▶ BRIEF
Looking through the material below, say how many lines contain the string "before" and add nothing more.

▶ DATA FOR ANALYSIS
────────────────────────────────────────

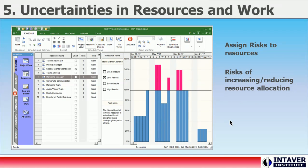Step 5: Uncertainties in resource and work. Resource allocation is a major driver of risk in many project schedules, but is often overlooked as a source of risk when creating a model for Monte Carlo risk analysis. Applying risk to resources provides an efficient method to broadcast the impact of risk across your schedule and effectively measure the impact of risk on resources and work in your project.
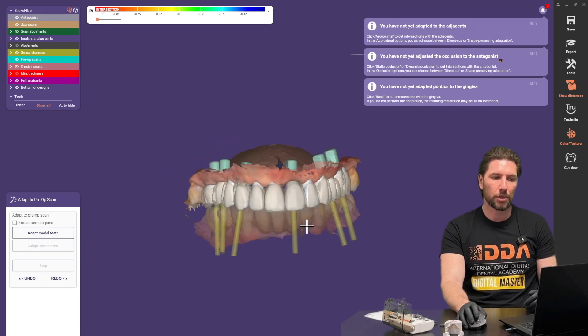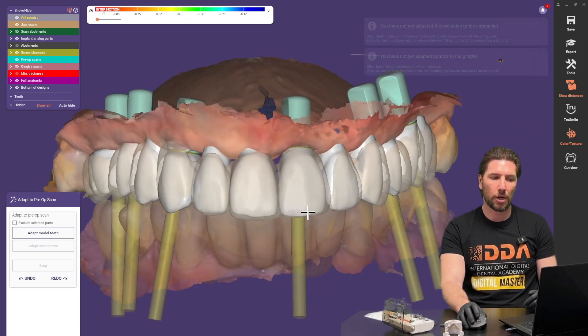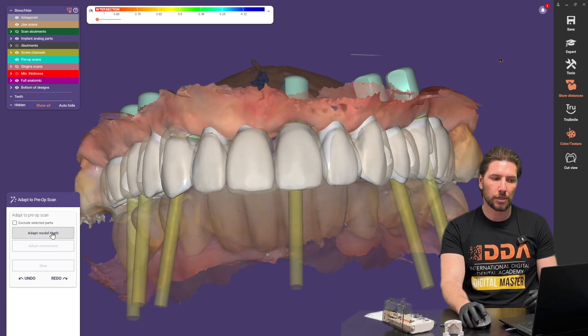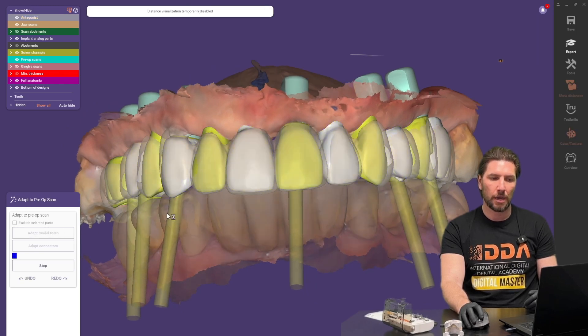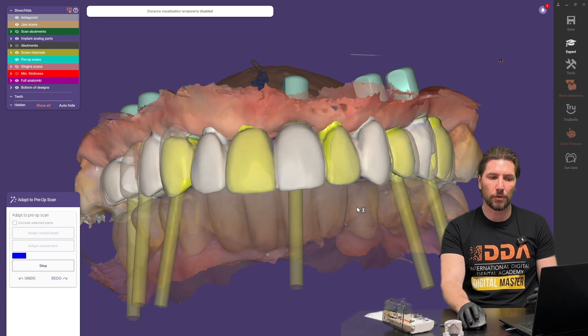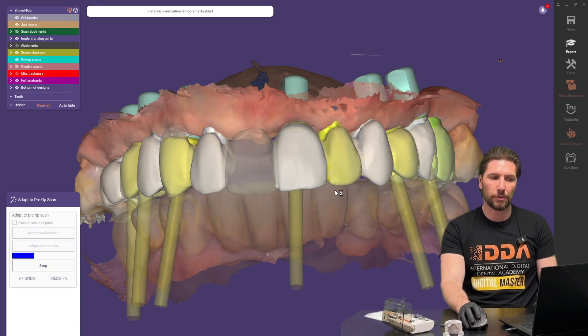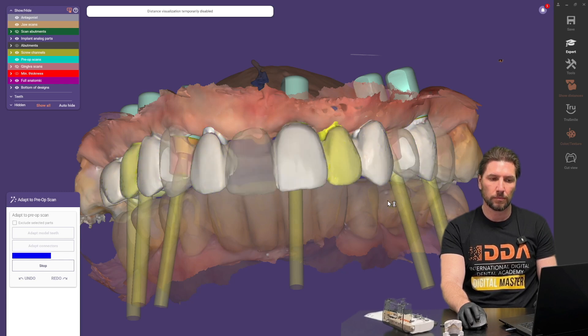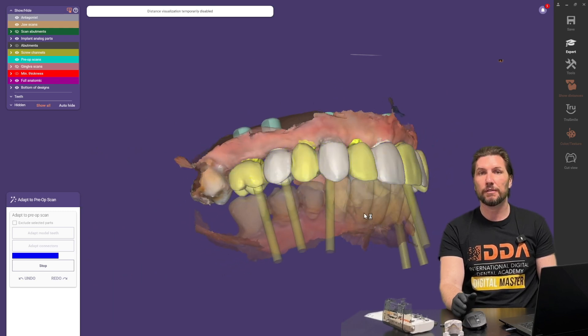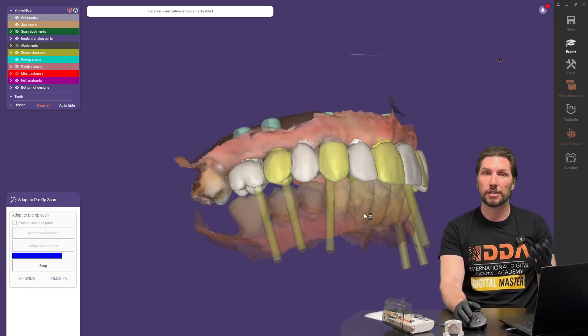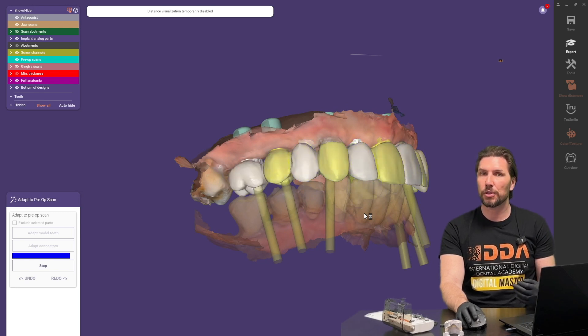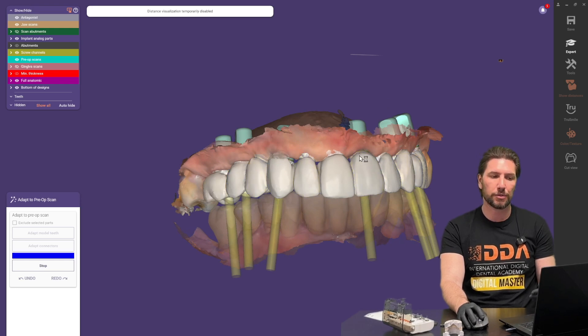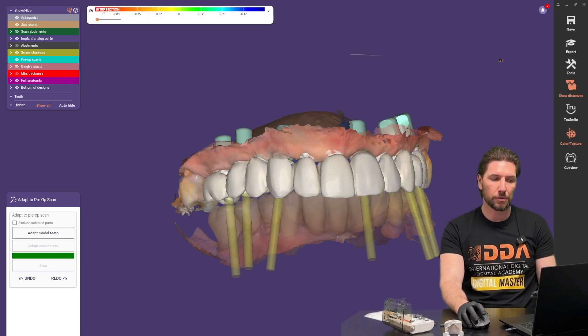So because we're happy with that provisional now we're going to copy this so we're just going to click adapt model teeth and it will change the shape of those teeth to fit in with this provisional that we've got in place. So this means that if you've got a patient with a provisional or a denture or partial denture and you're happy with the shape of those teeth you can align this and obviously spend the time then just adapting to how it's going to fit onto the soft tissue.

────────────────────────────────────────

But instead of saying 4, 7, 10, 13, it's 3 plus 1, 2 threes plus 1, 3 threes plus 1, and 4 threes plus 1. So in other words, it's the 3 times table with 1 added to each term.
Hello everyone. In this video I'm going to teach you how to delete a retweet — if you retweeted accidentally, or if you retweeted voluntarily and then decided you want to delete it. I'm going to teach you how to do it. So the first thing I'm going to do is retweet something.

────────────────────────────────────────

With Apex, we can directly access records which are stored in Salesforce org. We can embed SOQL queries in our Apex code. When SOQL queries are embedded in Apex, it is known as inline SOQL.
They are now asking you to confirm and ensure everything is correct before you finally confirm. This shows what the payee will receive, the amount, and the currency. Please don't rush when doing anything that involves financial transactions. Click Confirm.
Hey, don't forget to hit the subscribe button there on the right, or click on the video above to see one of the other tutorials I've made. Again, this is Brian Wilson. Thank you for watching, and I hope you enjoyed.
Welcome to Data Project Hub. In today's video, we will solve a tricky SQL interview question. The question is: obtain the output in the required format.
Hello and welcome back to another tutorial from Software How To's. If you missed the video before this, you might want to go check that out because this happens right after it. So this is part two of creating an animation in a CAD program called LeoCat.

────────────────────────────────────────

▶ EXPECTED OUTPUT
2